## [Work instruction]
All of the records shown below need to be copied with no differences.

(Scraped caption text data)
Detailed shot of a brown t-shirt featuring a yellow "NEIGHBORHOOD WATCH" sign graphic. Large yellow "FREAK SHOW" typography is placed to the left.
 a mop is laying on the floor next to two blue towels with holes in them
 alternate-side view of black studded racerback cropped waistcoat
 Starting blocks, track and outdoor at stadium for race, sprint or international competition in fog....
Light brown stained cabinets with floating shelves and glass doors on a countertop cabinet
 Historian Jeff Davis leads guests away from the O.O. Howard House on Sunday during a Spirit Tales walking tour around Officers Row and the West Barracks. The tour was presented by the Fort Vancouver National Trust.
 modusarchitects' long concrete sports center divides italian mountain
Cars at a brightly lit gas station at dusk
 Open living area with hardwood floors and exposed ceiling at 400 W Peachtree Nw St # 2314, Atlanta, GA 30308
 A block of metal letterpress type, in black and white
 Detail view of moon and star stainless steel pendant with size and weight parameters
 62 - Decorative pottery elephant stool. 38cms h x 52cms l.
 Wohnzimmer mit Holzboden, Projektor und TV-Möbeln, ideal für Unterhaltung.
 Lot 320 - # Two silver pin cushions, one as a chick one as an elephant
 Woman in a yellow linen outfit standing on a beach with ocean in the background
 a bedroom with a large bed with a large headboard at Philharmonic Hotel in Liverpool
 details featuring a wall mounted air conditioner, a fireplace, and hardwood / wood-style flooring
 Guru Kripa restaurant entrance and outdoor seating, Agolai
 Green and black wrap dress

## [Response to this task]
Detailed shot of a brown t-shirt featuring a yellow "NEIGHBORHOOD WATCH" sign graphic. Large yellow "FREAK SHOW" typography is placed to the left.
 a mop is laying on the floor next to two blue towels with holes in them
 alternate-side view of black studded racerback cropped waistcoat
 Starting blocks, track and outdoor at stadium for race, sprint or international competition in fog....
Light brown stained cabinets with floating shelves and glass doors on a countertop cabinet
 Historian Jeff Davis leads guests away from the O.O. Howard House on Sunday during a Spirit Tales walking tour around Officers Row and the West Barracks. The tour was presented by the Fort Vancouver National Trust.
 modusarchitects' long concrete sports center divides italian mountain
Cars at a brightly lit gas station at dusk
 Open living area with hardwood floors and exposed ceiling at 400 W Peachtree Nw St # 2314, Atlanta, GA 30308
 A block of metal letterpress type, in black and white
 Detail view of moon and star stainless steel pendant with size and weight parameters
 62 - Decorative pottery elephant stool. 38cms h x 52cms l.
 Wohnzimmer mit Holzboden, Projektor und TV-Möbeln, ideal für Unterhaltung.
 Lot 320 - # Two silver pin cushions, one as a chick one as an elephant
 Woman in a yellow linen outfit standing on a beach with ocean in the background
 a bedroom with a large bed with a large headboard at Philharmonic Hotel in Liverpool
 details featuring a wall mounted air conditioner, a fireplace, and hardwood / wood-style flooring
 Guru Kripa restaurant entrance and outdoor seating, Agolai
 Green and black wrap dress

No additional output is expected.